This Explains It
This piece by Brad DeLong helps illuminate his world view. After giving a litany of Katrina-related institutional failures at the local, state, and Federal level, he concludes
we should be surprised. Fema is a bureaucracy. A bureaucracy is designed to keep functioning even when it is headed by a man who was suddenly told by his private-sector bosses to find a new job and whose only qualification is that he is the friend of a friend of the president.
In other words, government at all levels would function perfectly, except that George Bush is President.
With all due respect to DeLong, his views of the bureaucratic process and the role of administration strike me as stunningly childish. He describes a bureaucracy as a well-tuned engine ready to respond to the Presidential throttle. Only someone who has little or no experience working within a large, interdependent organization (a university is large, but professors are fairly autonomous) could have such a naive picture.
If I had DeLong’s simplistic view of organizational behavior, then I probably would share his instincts to enlarge the public sector. Instead, as an empirical matter I believe that we will never any organization, public or private, that operates along the well-tuned engine model.
In fact, the private sector has mechanisms in place to winnow out the worst-tuned bureaucratic engines. Such mechanisms operate less effectively in government.
DeLong and I will tend to disagree on issues as long as he believes that the natural state of government programs is high effectiveness and as long as I believe that their natural state is SNAFU.

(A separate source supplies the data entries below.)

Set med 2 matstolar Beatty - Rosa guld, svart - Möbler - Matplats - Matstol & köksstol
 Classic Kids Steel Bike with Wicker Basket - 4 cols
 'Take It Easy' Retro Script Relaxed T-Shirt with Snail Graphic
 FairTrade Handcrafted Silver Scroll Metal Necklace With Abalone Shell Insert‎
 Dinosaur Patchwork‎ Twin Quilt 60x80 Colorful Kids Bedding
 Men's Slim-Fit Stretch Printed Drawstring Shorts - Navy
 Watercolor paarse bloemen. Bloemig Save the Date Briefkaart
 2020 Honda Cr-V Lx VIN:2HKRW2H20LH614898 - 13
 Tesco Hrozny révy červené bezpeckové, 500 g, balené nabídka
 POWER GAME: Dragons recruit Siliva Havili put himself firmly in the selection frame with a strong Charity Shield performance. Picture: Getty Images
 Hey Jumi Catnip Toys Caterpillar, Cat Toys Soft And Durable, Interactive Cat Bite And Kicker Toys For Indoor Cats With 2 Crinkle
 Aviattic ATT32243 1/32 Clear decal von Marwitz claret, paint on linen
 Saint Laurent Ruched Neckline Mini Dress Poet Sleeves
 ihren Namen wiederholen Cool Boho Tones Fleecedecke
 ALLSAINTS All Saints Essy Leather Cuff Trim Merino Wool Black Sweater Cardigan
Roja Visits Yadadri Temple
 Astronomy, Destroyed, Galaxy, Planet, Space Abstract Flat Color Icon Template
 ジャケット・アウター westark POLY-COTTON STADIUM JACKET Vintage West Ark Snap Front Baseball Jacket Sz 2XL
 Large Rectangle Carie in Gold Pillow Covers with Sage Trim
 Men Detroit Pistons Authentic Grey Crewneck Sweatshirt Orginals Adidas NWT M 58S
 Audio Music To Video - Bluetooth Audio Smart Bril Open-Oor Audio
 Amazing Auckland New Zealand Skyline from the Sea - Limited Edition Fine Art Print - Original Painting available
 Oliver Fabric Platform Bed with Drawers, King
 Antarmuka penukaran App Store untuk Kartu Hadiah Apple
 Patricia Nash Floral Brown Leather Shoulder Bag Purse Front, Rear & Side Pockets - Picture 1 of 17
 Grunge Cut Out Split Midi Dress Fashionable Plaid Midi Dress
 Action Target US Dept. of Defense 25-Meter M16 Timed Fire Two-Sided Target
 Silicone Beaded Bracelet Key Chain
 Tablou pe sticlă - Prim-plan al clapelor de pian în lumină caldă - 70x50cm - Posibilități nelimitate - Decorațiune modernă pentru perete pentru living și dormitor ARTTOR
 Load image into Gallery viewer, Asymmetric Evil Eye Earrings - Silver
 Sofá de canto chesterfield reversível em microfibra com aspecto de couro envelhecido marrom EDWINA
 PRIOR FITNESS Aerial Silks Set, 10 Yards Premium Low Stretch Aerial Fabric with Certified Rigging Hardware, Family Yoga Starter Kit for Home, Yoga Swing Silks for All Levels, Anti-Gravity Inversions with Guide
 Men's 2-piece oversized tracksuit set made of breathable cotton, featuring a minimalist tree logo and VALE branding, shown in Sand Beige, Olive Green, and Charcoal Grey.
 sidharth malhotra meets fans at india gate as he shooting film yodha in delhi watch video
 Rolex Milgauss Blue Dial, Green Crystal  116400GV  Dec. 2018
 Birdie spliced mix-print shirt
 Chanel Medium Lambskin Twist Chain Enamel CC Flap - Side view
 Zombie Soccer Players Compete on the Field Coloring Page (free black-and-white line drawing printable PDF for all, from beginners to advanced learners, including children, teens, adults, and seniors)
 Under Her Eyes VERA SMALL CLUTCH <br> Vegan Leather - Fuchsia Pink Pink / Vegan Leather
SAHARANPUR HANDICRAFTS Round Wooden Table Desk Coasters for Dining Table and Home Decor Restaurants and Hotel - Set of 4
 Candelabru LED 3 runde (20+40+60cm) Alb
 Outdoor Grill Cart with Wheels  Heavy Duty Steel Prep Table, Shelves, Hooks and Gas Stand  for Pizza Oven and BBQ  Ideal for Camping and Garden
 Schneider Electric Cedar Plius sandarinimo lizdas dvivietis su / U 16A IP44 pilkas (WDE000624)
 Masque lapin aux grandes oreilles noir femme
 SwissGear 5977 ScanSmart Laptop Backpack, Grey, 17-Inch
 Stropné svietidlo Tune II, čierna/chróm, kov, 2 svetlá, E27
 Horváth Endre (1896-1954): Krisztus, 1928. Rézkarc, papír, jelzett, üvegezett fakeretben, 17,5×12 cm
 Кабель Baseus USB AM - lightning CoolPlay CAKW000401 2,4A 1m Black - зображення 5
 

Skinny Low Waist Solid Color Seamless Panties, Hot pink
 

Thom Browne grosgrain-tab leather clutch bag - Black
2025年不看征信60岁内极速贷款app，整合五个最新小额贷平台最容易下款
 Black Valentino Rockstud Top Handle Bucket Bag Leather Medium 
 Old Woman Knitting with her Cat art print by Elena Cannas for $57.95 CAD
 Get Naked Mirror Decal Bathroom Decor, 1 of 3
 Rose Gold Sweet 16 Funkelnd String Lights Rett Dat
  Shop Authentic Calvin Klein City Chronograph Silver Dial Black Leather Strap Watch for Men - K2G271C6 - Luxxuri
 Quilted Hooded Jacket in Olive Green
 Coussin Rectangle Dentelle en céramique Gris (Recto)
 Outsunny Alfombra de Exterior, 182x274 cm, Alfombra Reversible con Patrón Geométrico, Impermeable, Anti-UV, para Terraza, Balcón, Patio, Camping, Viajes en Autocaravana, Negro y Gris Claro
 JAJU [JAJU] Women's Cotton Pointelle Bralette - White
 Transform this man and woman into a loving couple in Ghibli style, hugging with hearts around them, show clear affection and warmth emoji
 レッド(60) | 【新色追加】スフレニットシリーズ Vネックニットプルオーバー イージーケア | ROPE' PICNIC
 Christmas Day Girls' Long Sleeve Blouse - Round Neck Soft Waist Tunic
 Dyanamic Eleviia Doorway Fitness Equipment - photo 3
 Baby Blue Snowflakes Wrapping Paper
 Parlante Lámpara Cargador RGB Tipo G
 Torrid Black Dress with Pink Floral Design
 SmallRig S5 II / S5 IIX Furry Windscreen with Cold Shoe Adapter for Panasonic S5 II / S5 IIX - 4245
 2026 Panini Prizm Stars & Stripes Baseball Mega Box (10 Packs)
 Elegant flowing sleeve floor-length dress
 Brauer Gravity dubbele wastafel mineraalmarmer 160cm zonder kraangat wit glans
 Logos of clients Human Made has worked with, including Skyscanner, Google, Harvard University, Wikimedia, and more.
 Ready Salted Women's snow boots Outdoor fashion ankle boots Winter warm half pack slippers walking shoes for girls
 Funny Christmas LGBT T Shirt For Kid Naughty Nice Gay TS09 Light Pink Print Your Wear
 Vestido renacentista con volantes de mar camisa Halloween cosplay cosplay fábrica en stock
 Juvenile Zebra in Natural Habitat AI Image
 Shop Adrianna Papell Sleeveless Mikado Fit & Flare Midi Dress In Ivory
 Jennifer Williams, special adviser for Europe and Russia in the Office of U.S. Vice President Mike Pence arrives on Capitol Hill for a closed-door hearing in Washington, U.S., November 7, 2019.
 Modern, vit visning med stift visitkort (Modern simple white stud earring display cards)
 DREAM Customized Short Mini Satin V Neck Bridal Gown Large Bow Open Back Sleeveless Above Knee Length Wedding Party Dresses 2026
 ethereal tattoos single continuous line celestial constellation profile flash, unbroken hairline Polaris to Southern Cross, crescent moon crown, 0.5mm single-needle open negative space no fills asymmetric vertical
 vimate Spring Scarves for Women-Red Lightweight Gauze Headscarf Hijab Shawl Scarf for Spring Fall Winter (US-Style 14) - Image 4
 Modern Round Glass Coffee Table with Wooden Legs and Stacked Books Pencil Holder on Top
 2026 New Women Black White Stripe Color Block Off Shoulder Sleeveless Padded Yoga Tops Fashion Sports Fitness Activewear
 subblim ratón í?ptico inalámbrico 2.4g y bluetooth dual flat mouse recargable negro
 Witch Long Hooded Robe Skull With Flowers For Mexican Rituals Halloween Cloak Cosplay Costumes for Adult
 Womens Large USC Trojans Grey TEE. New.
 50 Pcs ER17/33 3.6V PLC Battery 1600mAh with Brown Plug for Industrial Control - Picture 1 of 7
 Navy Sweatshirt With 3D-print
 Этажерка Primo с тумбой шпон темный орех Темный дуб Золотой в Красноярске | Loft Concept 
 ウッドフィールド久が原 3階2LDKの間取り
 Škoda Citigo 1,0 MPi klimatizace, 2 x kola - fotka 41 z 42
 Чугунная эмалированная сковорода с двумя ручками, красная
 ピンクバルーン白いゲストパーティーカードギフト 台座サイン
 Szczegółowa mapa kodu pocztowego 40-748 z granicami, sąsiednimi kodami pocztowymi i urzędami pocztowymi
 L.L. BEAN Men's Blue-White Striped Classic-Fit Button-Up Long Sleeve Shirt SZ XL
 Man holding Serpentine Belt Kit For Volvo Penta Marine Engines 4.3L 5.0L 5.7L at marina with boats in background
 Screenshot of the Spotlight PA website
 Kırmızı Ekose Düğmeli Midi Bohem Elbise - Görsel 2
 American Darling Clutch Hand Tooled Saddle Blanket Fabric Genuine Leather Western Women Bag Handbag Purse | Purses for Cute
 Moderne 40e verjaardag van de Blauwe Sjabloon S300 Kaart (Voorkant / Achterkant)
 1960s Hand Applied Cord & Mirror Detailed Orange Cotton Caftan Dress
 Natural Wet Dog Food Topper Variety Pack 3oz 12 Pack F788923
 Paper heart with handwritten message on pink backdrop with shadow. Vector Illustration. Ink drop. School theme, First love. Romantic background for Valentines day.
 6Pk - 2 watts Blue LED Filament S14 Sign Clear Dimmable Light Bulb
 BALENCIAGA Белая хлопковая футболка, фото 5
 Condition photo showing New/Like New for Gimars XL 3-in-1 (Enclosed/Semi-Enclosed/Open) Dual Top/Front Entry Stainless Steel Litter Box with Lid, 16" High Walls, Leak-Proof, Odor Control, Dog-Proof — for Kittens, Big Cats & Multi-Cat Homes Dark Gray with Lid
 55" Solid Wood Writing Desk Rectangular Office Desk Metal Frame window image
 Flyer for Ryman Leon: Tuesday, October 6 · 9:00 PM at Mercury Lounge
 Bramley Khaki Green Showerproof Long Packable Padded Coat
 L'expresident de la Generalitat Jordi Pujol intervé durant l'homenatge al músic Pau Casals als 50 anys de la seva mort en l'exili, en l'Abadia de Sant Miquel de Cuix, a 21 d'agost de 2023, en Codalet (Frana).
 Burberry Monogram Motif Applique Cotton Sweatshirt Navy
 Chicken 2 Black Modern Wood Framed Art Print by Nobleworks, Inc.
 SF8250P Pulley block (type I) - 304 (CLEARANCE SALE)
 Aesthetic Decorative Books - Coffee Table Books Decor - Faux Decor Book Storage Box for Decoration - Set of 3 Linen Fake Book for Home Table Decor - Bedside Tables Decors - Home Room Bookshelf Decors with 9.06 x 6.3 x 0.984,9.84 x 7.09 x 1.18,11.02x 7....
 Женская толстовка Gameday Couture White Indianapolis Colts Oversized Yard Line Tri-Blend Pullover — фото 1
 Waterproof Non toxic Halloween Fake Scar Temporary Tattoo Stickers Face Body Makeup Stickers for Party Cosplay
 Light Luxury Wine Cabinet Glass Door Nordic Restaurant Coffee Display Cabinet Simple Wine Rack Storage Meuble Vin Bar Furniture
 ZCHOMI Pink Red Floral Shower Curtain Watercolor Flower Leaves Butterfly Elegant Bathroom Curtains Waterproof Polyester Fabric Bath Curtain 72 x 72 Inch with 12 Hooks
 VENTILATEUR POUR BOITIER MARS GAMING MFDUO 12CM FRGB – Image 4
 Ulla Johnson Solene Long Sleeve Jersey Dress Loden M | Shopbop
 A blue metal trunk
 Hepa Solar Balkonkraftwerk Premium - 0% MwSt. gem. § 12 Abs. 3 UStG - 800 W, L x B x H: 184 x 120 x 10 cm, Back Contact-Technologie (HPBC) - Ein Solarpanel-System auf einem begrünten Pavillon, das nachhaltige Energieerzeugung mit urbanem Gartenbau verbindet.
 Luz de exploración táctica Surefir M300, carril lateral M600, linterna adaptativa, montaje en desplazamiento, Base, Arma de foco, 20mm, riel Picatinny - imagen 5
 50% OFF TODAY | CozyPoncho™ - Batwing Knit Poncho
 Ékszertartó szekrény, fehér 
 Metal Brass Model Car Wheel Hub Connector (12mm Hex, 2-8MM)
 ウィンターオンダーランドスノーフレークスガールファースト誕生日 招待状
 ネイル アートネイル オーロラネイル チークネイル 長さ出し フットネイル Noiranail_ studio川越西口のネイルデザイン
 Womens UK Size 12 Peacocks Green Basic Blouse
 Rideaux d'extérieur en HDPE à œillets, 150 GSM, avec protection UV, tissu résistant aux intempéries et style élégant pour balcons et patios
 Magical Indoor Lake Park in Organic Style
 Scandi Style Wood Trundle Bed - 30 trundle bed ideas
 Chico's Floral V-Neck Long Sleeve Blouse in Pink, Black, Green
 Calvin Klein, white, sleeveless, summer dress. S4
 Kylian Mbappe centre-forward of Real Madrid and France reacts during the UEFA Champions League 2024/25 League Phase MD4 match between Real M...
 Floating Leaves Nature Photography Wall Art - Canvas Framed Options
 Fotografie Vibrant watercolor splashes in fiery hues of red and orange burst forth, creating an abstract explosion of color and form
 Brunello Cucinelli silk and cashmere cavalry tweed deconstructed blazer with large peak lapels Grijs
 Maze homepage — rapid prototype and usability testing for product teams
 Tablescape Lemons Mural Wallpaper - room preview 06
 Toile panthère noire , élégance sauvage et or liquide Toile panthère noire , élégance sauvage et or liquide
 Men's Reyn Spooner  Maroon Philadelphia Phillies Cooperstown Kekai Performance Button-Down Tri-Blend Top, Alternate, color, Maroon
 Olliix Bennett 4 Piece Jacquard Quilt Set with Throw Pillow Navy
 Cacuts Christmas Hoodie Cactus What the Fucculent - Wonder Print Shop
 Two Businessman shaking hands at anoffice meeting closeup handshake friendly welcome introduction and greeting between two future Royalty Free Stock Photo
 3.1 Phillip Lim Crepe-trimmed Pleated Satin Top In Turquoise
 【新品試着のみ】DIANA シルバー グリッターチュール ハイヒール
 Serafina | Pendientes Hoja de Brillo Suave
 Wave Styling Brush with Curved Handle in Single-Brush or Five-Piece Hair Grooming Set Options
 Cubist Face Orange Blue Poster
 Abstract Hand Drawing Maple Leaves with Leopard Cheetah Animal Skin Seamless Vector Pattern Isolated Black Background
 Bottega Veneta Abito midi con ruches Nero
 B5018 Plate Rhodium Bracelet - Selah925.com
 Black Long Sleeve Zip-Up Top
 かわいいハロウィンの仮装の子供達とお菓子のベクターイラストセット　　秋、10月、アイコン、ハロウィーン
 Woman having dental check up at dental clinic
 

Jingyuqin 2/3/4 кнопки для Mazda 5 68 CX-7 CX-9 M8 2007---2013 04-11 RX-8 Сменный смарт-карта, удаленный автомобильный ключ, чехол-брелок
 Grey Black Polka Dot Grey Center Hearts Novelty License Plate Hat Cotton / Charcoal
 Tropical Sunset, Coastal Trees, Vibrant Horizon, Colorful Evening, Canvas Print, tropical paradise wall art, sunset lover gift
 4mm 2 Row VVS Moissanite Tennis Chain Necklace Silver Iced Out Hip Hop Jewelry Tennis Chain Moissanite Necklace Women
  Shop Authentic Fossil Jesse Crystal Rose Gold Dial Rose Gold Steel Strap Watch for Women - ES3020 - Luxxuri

UPDATE: Thomas Lipscomb might be describing the DeLong view when he writes,
Those who dream of the perfectibility of human institutions through increasingly, compulsorily collective government will always attack the highest levels of government when it does fail. Republicans and Democrats alike have created huge institutions like the Departments of Education, Housing and Urban Development, and now Homeland Security, built on dreams that can never meet the excessive demands placed upon them.